Their drama finally ended the next day, May 3, when a vessel from the Vietnamese navy spotted them under clear skies.
"We were extremely happy we got help," said Afrizal.
ReCAAP, a Singapore-based international piracy monitoring agency, said the navy responded to a distress signal from the life raft.
"The crew was reported to be in a state of fatigue, but overall well," the agency said.
Initial investigation indicates the sailors were set adrift near the Spratly islands in the South China Sea, said ReCAAP, which aims to enhance cooperation between governments against piracy and armed robbery in Asian waters.
Efforts were still being made to locate the tug and its barge.
While the overall piracy situation in Southeast Asia and the Malacca Strait has improved in recent years, attacks in the area where the Atlantic 3 was boarded have been on the rise recently, according to Sam Bateman, a senior fellow at the S. Rajaratnam School of International Studies in Singapore.
An increased number of tugs and barges ferry sand from neighbouring countries to the city-state through that area, and the tugs make an easier target than larger vessels because they are slow-moving, Bateman said.
ReCAAP said the Atlantic 3 was the third tug reported missing this year.
The Malacca and Singapore Straits are among the world's busiest commercial waterways and were once the global hotspot for pirate attacks.
Security has improved substantially in recent years, partly thanks to coordinated patrols by nations bordering the waterway.
Throughout Asia, ReCAAP recorded 25 pirate attacks or attempted attacks for the first three months of this year, up from 15 reported for the same period last year.

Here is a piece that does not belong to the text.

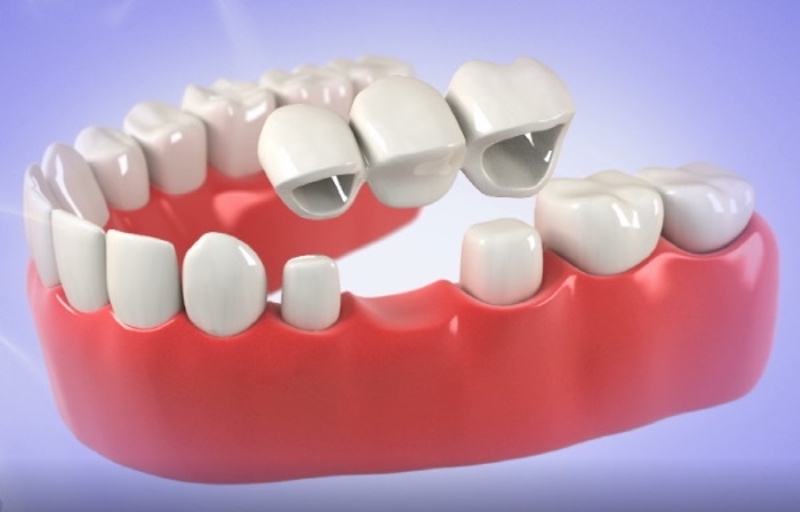 Cầu răng sứ đòi hỏi hai chiếc răng làm trụ ở hai bên răng đã mất phải chắc khỏe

Most involved vessels at anchor or in port, it said.
"Generally, these attacks are just hit-and-run," in which the pirates steal personal effects, Bateman said.
Pirates obviously have seafaring skills, and could be sailors who lost their jobs during the global economic crisis, he added. Slower world trade last year left hundreds of vessels at anchor.
"There are a lot of ships laid up these days and a lot of seafarers without work," Bateman said.
Afrizal and Myint Shwe said they are not about to join their idle colleagues. Seafaring is what they do, they said, and a bunch of pirates will not stop them from returning to the water.
"No, I'm not afraid," said the captain. "I'm a seaman."